- [Problem to solve]:
Reproduce the listing below as it stands. Leave out each image.

- [Collected material]:
+ + + + + + +

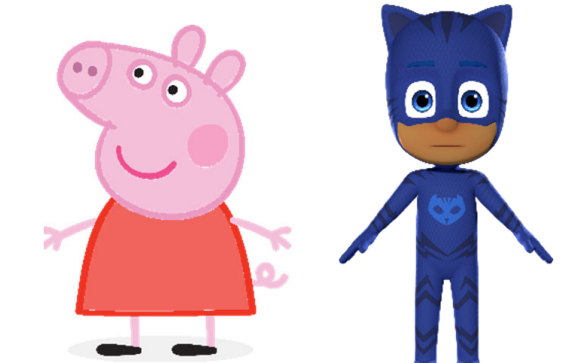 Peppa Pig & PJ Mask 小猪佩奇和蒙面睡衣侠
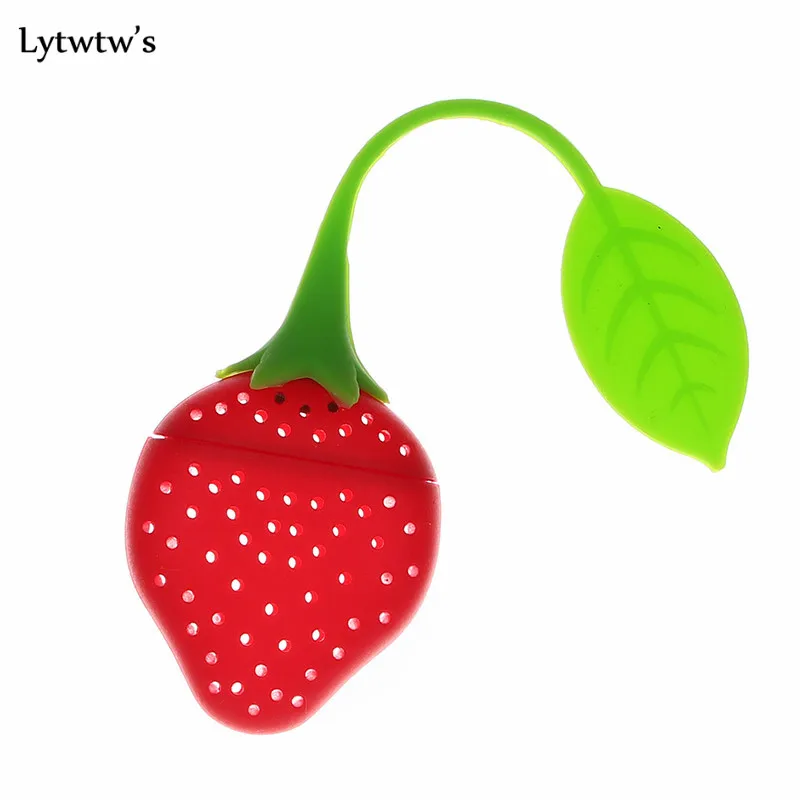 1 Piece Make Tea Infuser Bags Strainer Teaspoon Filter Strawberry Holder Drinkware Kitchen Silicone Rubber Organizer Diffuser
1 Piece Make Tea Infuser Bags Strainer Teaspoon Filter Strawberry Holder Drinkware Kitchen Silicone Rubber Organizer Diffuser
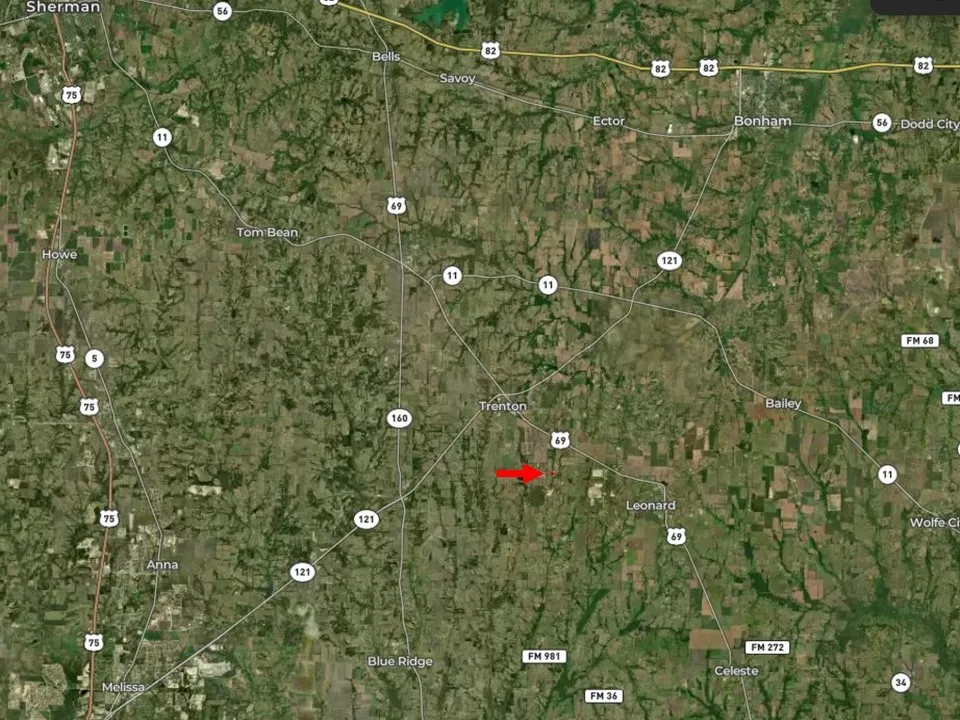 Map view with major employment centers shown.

+ + + + + + +

- [Reply to the task]:
 Peppa Pig & PJ Mask 小猪佩奇和蒙面睡衣侠
 1 Piece Make Tea Infuser Bags Strainer Teaspoon Filter Strawberry Holder Drinkware Kitchen Silicone Rubber Organizer Diffuser
1 Piece Make Tea Infuser Bags Strainer Teaspoon Filter Strawberry Holder Drinkware Kitchen Silicone Rubber Organizer Diffuser
 Map view with major employment centers shown.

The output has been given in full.